In response to the proposed taxation on bank profits, Costouris expressed reservations. He argued that such a move could potentially send the wrong message to foreign investors and deter their participation in the Cyprus banking sector. However, he clarified that no official proposal had been submitted by the Finance Minister and that the association planned to present its positions in an upcoming meeting.

The spokesperson reiterated the association's commitment to engaging constructively with the Finance Minister. Costouris expressed confidence that the meeting would provide an opportunity to address concerns and questions about the measures implemented by the banks. He emphasized that the association aims to find common ground with the Finance Minister and assess the policy stance moving forward.
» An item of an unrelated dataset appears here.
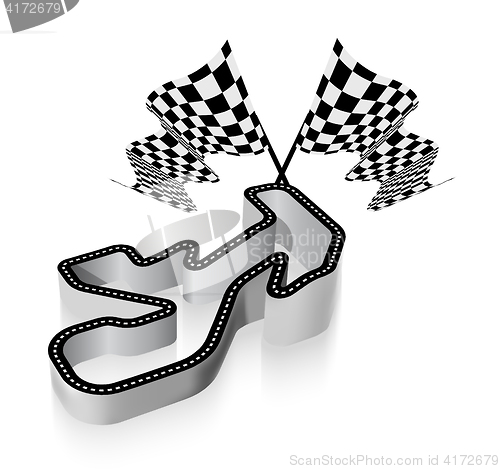 Image of Driving racing circuit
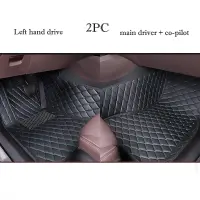 front row 2 seats car floor mats for Land Rover defender Discovery 3 4 Rover Range Evoque Sport Freelander floor mats for cars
In the context of the ongoing increase in lending interest rates, Costouris shed light on the proactive steps taken by banks. He noted that these actions were initiated before the measures were officially announced. Costouris cited data provided by the governor of the Central Bank, which indicated an increase in loan renegotiations and loan restructurings. He further elaborated on the relief packages introduced by banks to counter the effects of rate increases, which include direct refunds, debt relief, or a combination of measures.


Costouris addressed the broader economic impact of the interest rate hikes. He acknowledged that the situation places pressure on the economy and that banks are closely evaluating available data in conjunction with borrowers' needs. The spokesperson highlighted the significance of maintaining regular communication with customers to find solutions that alleviate financial difficulties.


Regarding the prospect of imposing an extraordinary tax on bank windfall profits, Costouris offered a perspective on the issue. He noted that banks already contribute to the state's revenue through various taxes and questioned the necessity of introducing a new special tax. Costouris argued that such a decision could be perceived as stemming from monetary policy decisions rather than being directly linked to bank policy.


As the Association of Cyprus Banks engages in discussions with the Finance Minister, the banking sector seeks to ensure that its policies align with the broader economic goals of Cyprus. The evolving dynamics between the banks and the government in addressing interest rate challenges and potential taxation measures underscore the complexity of managing economic stability amidst changing financial circumstances.